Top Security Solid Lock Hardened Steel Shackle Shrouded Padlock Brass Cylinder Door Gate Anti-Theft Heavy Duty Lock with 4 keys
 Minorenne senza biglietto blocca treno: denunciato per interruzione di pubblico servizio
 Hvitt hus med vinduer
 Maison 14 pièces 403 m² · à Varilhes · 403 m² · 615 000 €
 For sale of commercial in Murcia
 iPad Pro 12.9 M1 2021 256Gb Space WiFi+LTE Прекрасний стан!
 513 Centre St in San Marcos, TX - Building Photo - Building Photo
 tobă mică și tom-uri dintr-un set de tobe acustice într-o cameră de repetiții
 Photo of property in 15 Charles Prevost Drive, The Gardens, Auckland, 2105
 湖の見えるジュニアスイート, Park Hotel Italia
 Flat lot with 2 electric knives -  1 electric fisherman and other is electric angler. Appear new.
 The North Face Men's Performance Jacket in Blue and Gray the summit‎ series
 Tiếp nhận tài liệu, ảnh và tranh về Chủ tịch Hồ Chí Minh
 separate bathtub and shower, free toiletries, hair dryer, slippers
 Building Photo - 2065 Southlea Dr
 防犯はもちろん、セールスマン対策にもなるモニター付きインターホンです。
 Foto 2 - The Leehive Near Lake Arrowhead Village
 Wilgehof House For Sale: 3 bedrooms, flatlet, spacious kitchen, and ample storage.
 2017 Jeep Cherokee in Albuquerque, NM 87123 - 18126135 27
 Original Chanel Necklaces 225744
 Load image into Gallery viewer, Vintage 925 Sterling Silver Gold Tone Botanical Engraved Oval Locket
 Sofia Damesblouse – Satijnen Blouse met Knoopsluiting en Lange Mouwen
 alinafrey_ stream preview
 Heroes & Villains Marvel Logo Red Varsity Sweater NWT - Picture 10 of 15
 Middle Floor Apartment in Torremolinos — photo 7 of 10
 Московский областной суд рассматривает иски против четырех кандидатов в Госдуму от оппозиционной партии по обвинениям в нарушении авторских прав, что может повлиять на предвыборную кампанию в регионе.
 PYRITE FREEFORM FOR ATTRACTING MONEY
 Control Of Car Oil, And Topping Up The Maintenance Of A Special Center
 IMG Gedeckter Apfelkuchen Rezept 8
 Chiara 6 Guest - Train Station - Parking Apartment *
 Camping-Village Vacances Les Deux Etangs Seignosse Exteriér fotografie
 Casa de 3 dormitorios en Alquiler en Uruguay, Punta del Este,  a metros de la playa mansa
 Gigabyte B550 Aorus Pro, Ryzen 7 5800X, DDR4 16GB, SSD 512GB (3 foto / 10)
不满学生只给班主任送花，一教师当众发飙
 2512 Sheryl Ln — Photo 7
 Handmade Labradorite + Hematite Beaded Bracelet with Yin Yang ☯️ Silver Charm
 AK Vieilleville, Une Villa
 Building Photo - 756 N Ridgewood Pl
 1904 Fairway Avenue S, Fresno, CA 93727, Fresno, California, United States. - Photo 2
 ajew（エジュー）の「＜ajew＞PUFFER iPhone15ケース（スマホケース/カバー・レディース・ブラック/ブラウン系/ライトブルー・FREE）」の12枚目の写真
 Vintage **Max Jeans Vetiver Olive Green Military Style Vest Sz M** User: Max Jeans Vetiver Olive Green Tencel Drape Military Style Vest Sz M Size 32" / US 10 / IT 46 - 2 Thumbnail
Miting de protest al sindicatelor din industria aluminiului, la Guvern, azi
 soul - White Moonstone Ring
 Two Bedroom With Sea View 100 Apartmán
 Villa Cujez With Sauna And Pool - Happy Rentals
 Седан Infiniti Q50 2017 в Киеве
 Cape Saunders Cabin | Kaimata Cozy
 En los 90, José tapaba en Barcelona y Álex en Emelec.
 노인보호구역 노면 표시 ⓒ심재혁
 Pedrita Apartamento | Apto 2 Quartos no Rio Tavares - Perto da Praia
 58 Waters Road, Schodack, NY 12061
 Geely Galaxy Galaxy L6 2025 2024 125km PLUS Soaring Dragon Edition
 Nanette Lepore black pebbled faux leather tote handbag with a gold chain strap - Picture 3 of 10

## Instructions for the task
Where a line of the data includes the string "Apartment", list that line.

## Answer to the problem
 Middle Floor Apartment in Torremolinos — photo 7 of 10
 Chiara 6 Guest - Train Station - Parking Apartment *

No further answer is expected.